9th Cir.

USA v. Hopkins

June 16, 2026 ·1:22-cr-00108-SPW-1 ·Unpublished · By Aisha Johnson

The Ninth Circuit affirmed the denial of a federal prisoner's motion to vacate his sentence and his request for compassionate release. The court held that trial counsel was not ineffective and that the district court properly weighed sentencing factors to deny relief.

Background

Jesse Lee Hopkins appealed the district court’s denial of his motion to vacate his sentence under Section twenty-eight United States Code two thousand two hundred fifty-five and his motion for compassionate release under Section eighteen United States Code three thousand five hundred eighty-two subsection C.

The court’s reasoning

The court reviewed the denial of the Section two thousand two hundred fifty-five motion de novo and the compassionate release motion for abuse of discretion. Regarding ineffective assistance of counsel, the court found that counsel’s failure to argue the robbery statute was overbroad was not objectively unreasonable at the time of conduct, as other Montana courts had rejected that argument. The court also noted that counsel could not be deficient for failing to anticipate later case law.

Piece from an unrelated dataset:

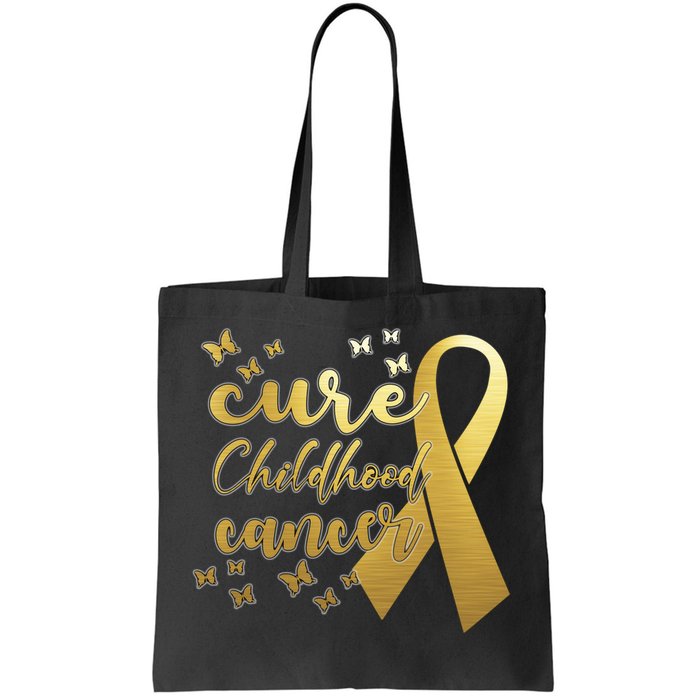 Cure Childhood Cancer Butterflies Ribbon Tote Bag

Regarding compassionate release, the court held that the district court’s independent conclusion that the Section thirty-five fifty-three factors did not support relief was dispositive, rendering any error regarding extraordinary and compelling circumstances harmless.

What it means going forward

The decision reinforces that ineffective assistance claims must be evaluated based on the law as it existed at the time of counsel’s conduct and that district courts may deny compassionate release based on Section thirty-five fifty-three factors even if the extraordinary and compelling threshold is not met.